- What you have to do -
Would you please set down, word for word, the lines from the one with "The advantages and" through the final line of the data below, omitting any pictures?

·····

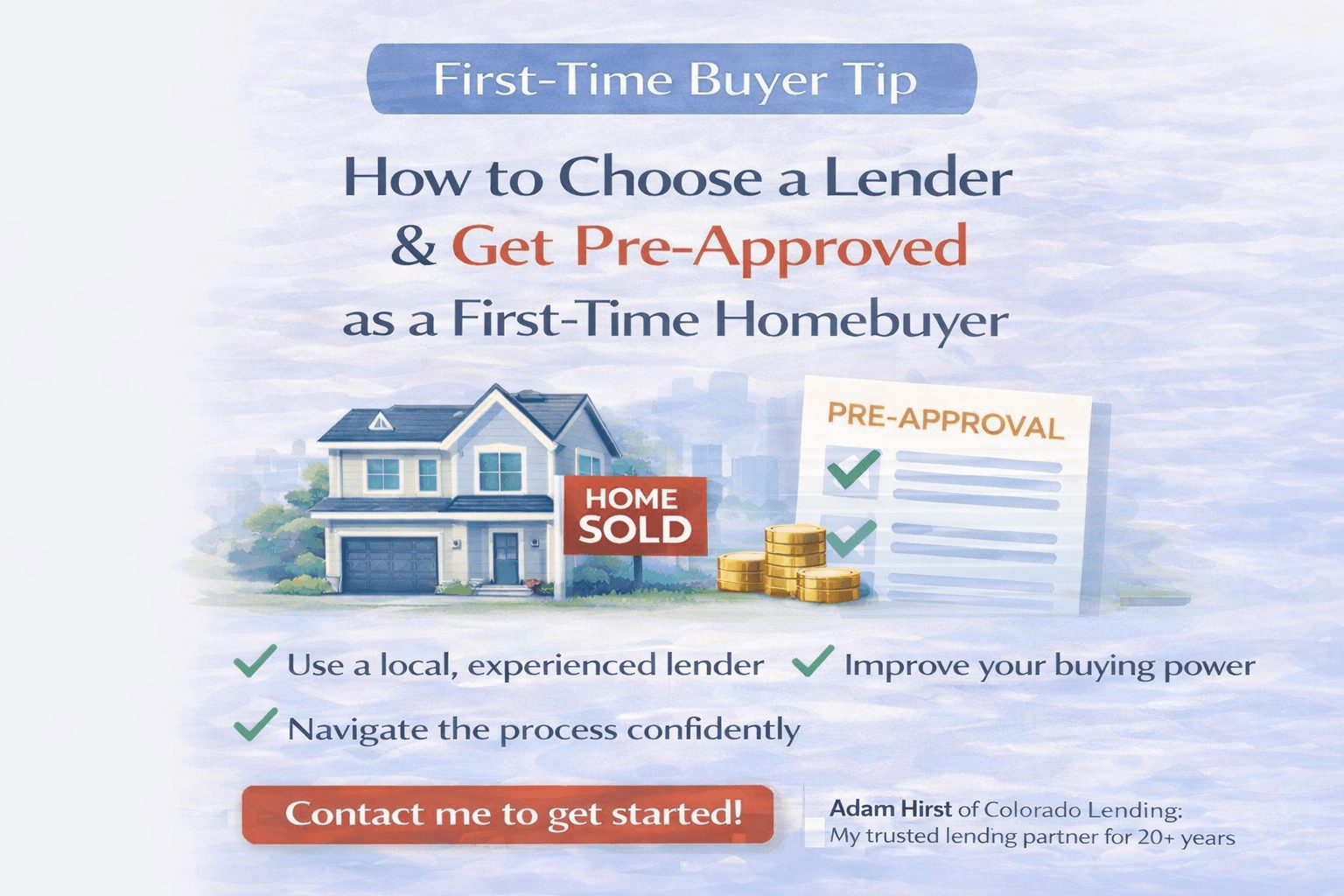 How to Choose a Lender and Get Pre-Approved as a First-Time Homebuyer
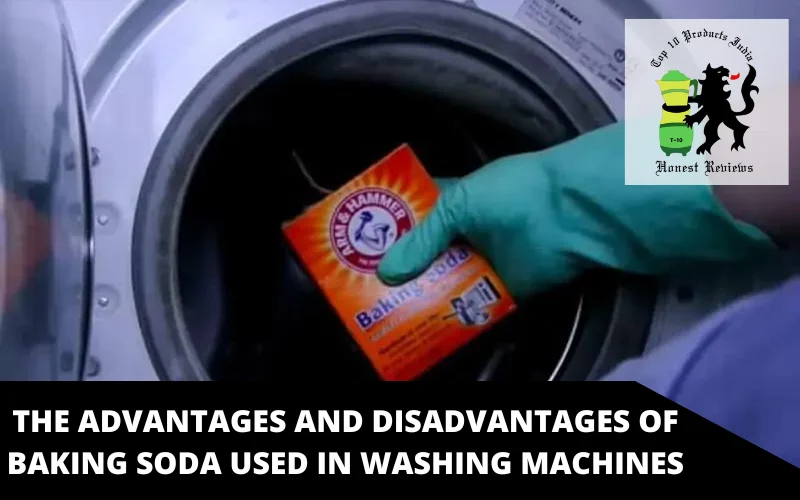 The advantages and disadvantages of baking soda used in washing machines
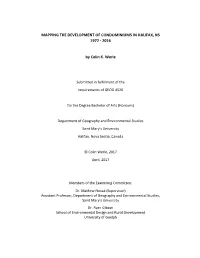 Mapping the Development of Condominiums in Halifax, Ns 1972 - 2016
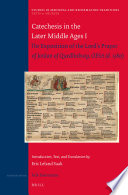 Catechesis in the later Middle Ages I : the exposition of the Lord's Prayer of Jordan of Quedlinburg, OESA (d. 1380) /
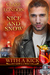 Nice and Snow (With A Kick #6) by Clare London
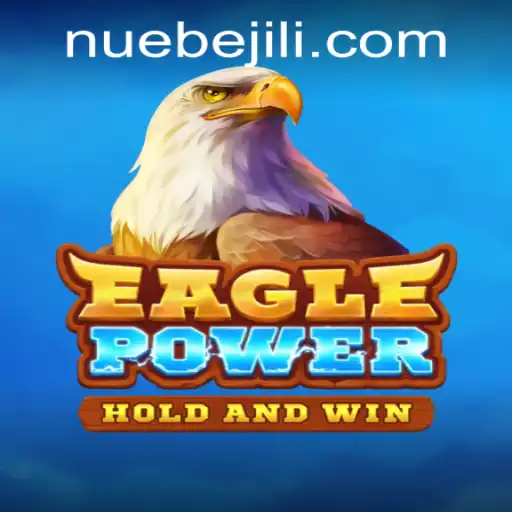 Exploring the Thrilling World of EaglePower by NUEBE Gaming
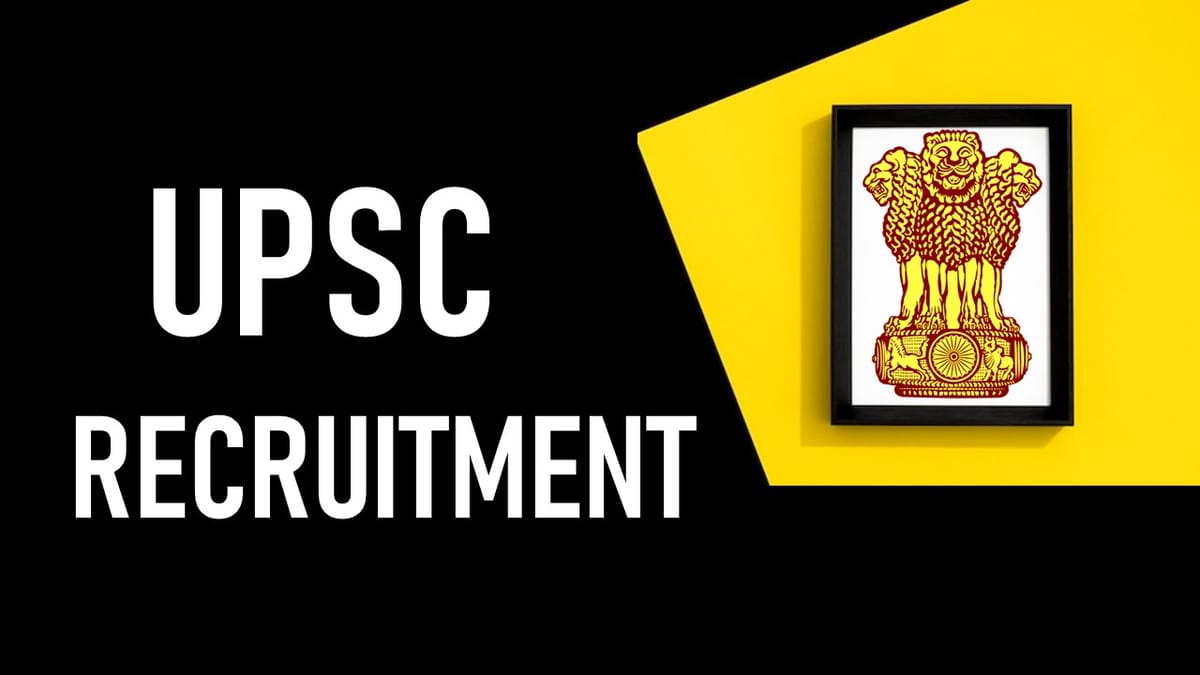 UPSC Recruitment 2023 Released New Notification: Check Post, Qualification, Pay Scale and Other Vital Details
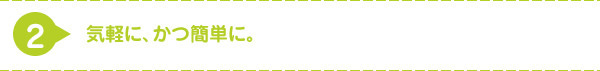 気軽に、かつ簡単に
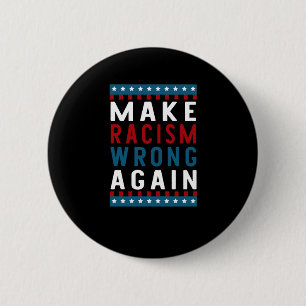 Of Make Racism Wrong Again Sticker 2 Inch Round Button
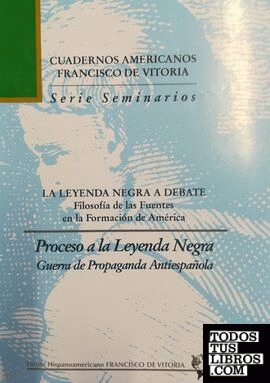 Proceso a la Leyenda Negra, guerra de propaganda antiespañola. 2ª ed.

·····

- Response for this exercise -
 The advantages and disadvantages of baking soda used in washing machines
 Mapping the Development of Condominiums in Halifax, Ns 1972 - 2016
 Catechesis in the later Middle Ages I : the exposition of the Lord's Prayer of Jordan of Quedlinburg, OESA (d. 1380) /
 Nice and Snow (With A Kick #6) by Clare London
 Exploring the Thrilling World of EaglePower by NUEBE Gaming
 UPSC Recruitment 2023 Released New Notification: Check Post, Qualification, Pay Scale and Other Vital Details
 気軽に、かつ簡単に
 Of Make Racism Wrong Again Sticker 2 Inch Round Button
 Proceso a la Leyenda Negra, guerra de propaganda antiespañola. 2ª ed.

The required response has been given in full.